After a satisfying dinner and breakfast at the Refugio Santicchio it was time to head off again. I was very pleased to able to have muesli for breakfast. The fancy hotel in Bagno where I stayed didn’t have cereal of any kind let alone muesli!
This is the largest sized Bialetti coffee maker you can get and it takes 20 minutes to make the coffee .
The Refugio even had a working juke box with 1980s hits .
Rita the dog likes to follow hikers leaving the place for a nice very long walk so precautions must be taken.
I’m slowly heading downhill though today I climbed 800m and descended 1,000m so there was still plenty of climbing.
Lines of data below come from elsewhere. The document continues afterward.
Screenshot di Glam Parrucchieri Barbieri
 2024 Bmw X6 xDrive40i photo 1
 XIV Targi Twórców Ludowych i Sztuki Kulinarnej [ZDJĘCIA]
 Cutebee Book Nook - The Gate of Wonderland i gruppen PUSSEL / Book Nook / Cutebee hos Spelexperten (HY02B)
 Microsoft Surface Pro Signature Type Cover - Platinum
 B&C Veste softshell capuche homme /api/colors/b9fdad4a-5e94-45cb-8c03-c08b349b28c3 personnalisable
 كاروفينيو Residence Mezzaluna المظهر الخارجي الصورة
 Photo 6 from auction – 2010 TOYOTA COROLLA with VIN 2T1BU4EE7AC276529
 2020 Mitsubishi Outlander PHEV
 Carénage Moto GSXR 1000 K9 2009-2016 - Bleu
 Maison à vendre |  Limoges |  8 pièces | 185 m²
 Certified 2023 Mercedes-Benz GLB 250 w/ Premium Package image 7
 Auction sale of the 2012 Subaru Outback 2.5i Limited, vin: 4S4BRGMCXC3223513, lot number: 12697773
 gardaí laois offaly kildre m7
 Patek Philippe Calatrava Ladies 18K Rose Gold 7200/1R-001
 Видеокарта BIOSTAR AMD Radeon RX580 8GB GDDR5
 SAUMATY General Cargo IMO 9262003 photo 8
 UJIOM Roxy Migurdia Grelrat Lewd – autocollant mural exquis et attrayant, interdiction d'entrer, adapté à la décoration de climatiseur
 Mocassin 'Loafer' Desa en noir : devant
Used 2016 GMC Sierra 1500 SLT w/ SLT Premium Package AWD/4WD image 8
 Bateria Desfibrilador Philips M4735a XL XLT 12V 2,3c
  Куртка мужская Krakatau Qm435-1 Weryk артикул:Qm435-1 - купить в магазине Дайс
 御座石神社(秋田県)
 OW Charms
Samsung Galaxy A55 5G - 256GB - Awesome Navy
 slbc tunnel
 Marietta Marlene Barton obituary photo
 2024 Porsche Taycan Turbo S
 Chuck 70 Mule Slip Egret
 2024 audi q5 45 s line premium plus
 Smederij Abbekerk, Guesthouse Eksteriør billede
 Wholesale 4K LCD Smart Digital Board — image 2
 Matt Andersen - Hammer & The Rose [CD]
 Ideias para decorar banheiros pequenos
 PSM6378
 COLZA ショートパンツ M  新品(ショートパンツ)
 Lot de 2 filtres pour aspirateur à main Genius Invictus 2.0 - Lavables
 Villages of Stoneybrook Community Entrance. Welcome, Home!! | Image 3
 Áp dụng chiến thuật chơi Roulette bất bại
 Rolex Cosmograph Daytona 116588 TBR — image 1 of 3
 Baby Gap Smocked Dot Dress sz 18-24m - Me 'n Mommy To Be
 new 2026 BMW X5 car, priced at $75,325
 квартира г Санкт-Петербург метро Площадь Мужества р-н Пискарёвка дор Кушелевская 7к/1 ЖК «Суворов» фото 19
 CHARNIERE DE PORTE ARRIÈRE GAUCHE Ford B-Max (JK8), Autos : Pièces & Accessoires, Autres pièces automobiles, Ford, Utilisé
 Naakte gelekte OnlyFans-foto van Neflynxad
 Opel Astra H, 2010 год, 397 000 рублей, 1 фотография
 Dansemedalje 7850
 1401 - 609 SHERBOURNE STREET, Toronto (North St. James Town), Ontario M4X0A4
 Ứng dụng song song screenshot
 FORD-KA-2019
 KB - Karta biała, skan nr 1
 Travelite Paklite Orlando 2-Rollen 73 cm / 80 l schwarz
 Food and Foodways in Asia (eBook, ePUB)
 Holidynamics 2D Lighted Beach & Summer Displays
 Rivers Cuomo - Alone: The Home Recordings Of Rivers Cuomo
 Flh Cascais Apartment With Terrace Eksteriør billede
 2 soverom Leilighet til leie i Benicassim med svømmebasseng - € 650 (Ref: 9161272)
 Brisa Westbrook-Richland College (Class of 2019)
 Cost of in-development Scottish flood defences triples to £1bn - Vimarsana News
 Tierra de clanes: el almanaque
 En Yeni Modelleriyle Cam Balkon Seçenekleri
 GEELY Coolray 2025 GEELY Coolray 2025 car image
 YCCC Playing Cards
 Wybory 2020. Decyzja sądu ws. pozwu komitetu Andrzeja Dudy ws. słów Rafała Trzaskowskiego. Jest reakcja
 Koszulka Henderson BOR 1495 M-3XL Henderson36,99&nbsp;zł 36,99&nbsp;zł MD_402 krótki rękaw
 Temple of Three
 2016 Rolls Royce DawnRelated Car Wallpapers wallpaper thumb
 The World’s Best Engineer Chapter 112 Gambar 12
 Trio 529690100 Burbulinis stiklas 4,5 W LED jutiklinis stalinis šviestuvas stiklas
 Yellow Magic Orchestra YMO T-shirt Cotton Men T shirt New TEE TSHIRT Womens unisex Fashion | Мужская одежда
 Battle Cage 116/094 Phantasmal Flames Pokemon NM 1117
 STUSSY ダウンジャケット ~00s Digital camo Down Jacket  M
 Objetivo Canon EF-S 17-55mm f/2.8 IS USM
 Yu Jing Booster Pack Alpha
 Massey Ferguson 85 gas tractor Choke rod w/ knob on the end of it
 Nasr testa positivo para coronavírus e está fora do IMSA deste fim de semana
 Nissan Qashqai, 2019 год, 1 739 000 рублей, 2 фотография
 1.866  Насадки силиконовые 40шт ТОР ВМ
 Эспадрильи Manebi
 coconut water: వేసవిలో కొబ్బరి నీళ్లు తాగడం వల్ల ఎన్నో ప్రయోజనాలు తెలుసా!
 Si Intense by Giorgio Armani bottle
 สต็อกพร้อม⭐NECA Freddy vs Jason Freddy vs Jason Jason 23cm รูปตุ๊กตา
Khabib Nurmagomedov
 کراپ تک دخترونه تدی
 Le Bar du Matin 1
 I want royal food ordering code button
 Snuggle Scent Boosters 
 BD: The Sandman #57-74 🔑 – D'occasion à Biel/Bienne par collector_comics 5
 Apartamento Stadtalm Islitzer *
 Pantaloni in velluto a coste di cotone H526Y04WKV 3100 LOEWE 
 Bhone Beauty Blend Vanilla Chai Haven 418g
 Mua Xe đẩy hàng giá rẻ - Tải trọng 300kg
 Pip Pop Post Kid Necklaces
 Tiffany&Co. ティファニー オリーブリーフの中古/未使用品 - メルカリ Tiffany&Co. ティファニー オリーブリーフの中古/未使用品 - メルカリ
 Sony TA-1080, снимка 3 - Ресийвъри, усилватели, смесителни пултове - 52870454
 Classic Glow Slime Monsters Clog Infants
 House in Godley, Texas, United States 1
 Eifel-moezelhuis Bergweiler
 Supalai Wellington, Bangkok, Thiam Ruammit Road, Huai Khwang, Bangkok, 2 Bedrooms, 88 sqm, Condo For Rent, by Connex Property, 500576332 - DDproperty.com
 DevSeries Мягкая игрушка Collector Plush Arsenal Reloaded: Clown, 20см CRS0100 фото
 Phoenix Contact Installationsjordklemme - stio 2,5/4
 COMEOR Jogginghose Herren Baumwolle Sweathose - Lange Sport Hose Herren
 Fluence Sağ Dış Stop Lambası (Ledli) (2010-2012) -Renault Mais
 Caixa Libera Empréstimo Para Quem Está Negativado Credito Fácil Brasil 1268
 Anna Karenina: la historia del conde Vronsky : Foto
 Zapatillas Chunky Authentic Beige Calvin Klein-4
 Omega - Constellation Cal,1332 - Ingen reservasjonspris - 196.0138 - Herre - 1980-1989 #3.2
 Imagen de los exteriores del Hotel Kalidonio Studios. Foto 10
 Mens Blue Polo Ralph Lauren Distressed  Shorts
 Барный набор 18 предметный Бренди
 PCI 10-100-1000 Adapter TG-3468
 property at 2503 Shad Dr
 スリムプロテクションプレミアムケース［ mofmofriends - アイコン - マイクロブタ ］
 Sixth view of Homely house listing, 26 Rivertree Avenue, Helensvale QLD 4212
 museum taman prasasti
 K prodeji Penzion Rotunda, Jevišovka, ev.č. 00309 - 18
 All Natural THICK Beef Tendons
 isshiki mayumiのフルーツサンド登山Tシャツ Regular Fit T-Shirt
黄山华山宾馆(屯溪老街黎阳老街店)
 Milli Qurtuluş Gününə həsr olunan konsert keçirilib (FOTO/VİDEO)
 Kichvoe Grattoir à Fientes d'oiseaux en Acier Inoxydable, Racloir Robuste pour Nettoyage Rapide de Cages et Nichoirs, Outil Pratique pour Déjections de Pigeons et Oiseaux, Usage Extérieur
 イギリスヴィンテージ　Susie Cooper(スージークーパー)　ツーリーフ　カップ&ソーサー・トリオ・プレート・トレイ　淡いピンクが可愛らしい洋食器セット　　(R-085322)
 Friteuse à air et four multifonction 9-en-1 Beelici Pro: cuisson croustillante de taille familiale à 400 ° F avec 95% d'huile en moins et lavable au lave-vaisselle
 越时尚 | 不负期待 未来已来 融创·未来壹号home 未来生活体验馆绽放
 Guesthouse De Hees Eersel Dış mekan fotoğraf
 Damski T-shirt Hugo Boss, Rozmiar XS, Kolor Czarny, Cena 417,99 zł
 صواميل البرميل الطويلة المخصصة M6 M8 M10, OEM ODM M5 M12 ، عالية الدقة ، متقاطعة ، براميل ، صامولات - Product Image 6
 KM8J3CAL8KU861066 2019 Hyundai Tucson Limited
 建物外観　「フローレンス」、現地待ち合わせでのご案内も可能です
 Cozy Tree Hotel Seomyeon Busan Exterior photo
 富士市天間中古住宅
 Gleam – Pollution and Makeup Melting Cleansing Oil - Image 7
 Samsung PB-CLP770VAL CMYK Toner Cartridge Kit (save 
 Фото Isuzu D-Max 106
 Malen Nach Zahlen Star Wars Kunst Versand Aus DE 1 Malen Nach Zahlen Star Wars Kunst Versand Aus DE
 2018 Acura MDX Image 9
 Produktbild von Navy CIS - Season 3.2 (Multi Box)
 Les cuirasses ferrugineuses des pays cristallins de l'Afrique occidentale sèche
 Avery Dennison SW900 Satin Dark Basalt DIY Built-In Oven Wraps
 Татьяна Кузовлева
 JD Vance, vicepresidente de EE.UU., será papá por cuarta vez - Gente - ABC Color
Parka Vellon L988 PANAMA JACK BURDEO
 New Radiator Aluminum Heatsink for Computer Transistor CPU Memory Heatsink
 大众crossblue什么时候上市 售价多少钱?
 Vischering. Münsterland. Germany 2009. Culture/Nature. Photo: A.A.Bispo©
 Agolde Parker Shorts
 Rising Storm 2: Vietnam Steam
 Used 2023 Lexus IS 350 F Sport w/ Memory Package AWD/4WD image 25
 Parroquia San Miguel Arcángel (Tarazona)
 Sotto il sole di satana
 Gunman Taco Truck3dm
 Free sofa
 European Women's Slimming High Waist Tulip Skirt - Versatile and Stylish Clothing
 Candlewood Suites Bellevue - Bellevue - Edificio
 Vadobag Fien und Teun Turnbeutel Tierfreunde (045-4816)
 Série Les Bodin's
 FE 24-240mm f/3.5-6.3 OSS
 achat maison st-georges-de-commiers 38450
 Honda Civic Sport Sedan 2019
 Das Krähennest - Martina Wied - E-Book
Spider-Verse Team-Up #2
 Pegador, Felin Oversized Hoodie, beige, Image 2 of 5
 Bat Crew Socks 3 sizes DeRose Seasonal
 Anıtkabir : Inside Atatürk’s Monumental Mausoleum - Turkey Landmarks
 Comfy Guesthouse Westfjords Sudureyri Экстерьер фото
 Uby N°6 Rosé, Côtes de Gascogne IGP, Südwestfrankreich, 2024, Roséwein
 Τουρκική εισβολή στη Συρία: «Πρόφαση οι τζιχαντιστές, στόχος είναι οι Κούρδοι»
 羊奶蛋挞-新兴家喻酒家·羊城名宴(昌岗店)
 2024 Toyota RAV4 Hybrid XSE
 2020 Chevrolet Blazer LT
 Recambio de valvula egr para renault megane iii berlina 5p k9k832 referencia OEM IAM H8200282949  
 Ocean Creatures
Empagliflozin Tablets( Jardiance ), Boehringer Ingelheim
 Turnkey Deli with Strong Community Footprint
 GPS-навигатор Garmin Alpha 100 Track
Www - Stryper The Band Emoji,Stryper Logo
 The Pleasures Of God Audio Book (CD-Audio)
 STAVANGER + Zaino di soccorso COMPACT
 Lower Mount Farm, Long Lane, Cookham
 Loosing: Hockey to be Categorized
This guy on a mountain bike stopped for a chat . He’d seen a TV show about Australia and was impressed by how our wildlife and agriculture is protected by border controls.
Pilgrim walks usually have lots of pyramids where lots of stones are placed on top of each other over time. However here someone has made it into a bit of an art form.
Today there was mud, lots of mud from recent rain.
Sometimes I could get around it with a bit of bush bashing but other times it was a matter of trying to find the best way through.
I was sitting in a log having my lunch when someone came down the track . ‘Are you collecting or walking’ he asked me. It turned out he was looking for the Prugnolo mushrooms that I’d come across a few days back in Cucercoli. He said around here they fetch up to €70 a kilo.
When he heard how far I’d walked, he wanted a get a photo with me so I got one too.
I started seeing some of the typical Tuscan village architecture.
as well as some substantial buildings all very solidly built.
Here are a few cute little ant hills – a bit different to the huge ones we get n Australia!
There was lots of forest with little creeks and waterfalls today .
An old post box dating back to when Italy had a King.
Ruins at the hamlet of Giona, a place mentioned in the 13th century manuscript that this walk is based on, as a stopping place for pilgrims.
These people were collecting chicory. I’m sure the wild stuff is very tasty though quite bitter.
This farmer helped me with directions and mentioned that he’d mown part of the VRG with his tractor a few years back.
The interesting thing for me was that he grows saffron . I didn’t know it was grown in Italy. This is the company he grows for
In the pine forest.
I reached my agriturismo after about 7 hours walking. My room has a great view.
The people here have two Australian cattle dogs that love fetching their ball but fight over who will bring it back.
Tomorrow I’ve got a longish 34km bit fairly flat walk down to the beautiful town of Arezzo.